::: EXTRACTED RECORDS

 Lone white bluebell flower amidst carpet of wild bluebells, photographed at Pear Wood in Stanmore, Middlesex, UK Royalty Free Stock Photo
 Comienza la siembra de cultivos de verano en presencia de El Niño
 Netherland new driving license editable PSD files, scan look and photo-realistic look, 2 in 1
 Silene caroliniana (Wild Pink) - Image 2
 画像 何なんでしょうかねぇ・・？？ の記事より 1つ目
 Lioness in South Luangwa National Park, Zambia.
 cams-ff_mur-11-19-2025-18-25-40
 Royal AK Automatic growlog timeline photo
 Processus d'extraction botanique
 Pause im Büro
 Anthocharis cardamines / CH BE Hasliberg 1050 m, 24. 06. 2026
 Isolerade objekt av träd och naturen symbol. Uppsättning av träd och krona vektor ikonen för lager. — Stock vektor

::::::

**PROMPT:** Could you print the lines of the records above from the one containing "Netherland new driving" through the last, exactly and with no additions?

**WRITTEN ANSWER:**
 Netherland new driving license editable PSD files, scan look and photo-realistic look, 2 in 1
 Silene caroliniana (Wild Pink) - Image 2
 画像 何なんでしょうかねぇ・・？？ の記事より 1つ目
 Lioness in South Luangwa National Park, Zambia.
 cams-ff_mur-11-19-2025-18-25-40
 Royal AK Automatic growlog timeline photo
 Processus d'extraction botanique
 Pause im Büro
 Anthocharis cardamines / CH BE Hasliberg 1050 m, 24. 06. 2026
 Isolerade objekt av träd och naturen symbol. Uppsättning av träd och krona vektor ikonen för lager. — Stock vektor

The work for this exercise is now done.